### Action item
Return the whole listing exactly, omitting the pictures.

### Information supplied
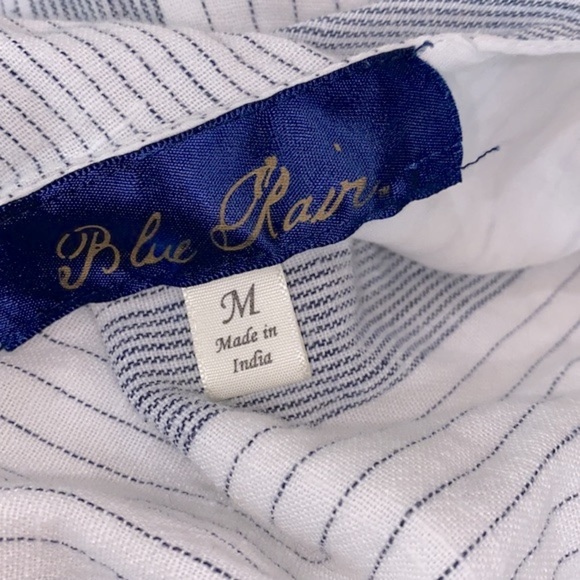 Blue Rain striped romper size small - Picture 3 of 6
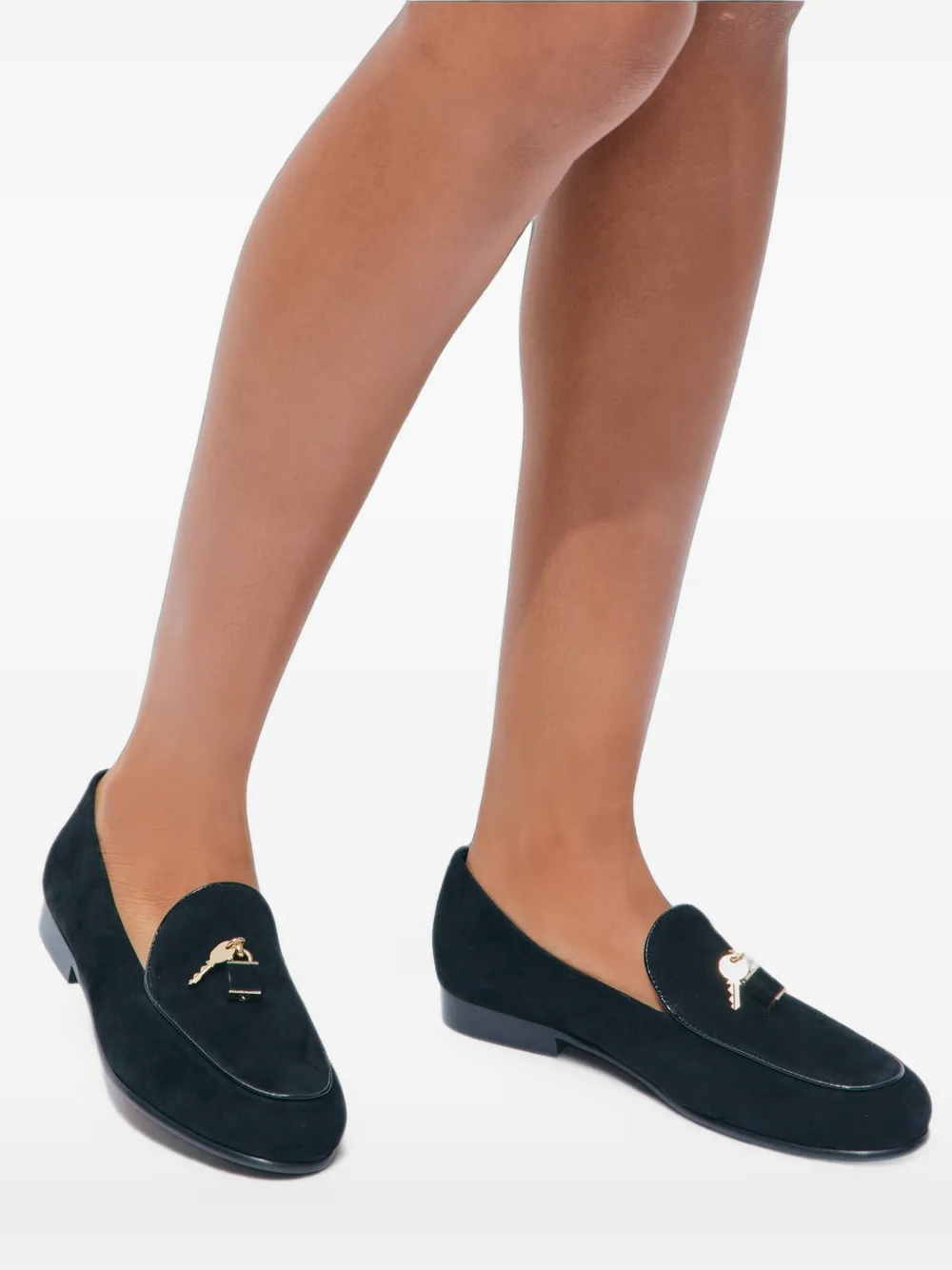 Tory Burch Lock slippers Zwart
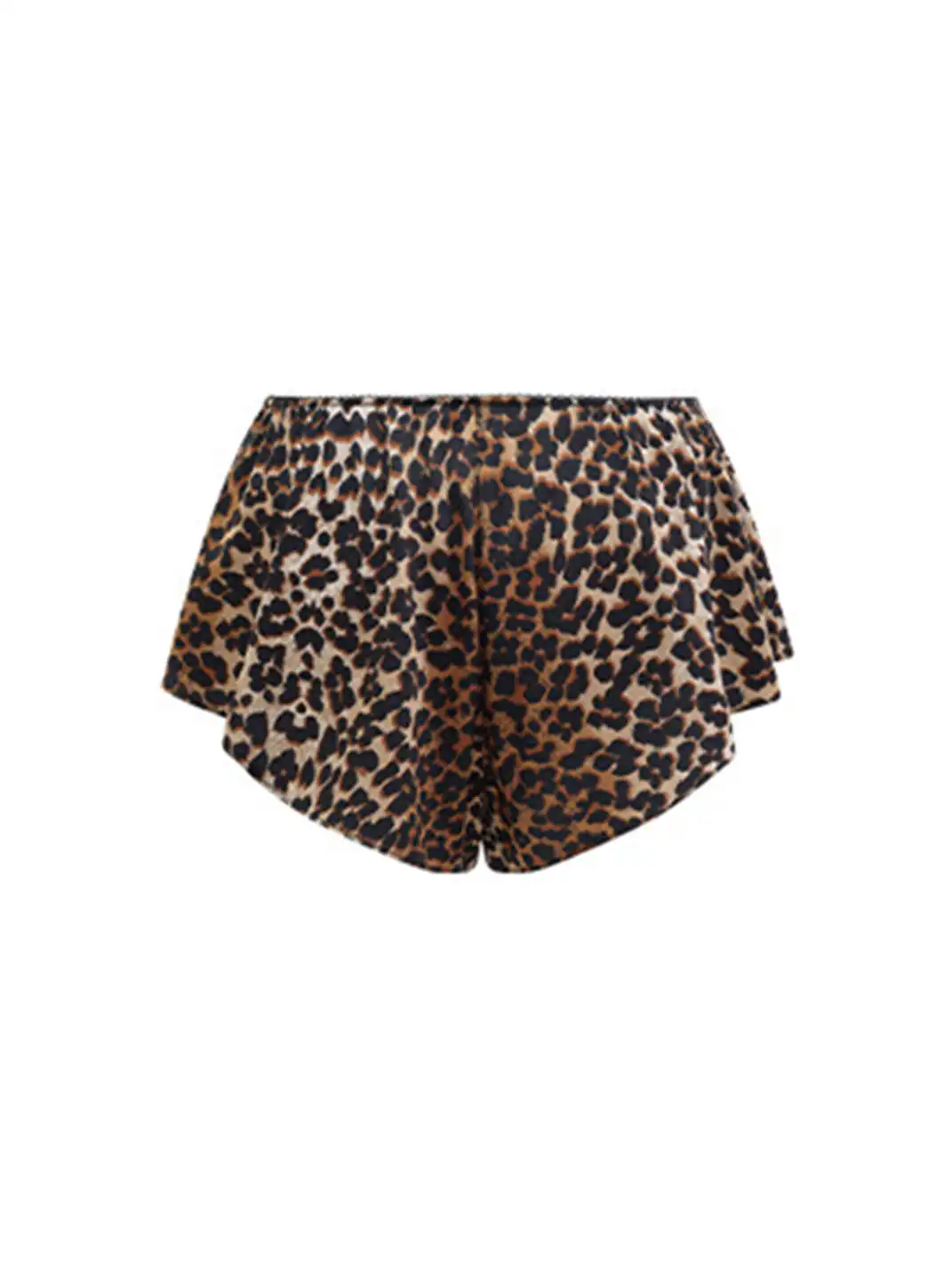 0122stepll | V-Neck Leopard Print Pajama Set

### Exercise response
 Blue Rain striped romper size small - Picture 3 of 6
 Tory Burch Lock slippers Zwart
 0122stepll | V-Neck Leopard Print Pajama Set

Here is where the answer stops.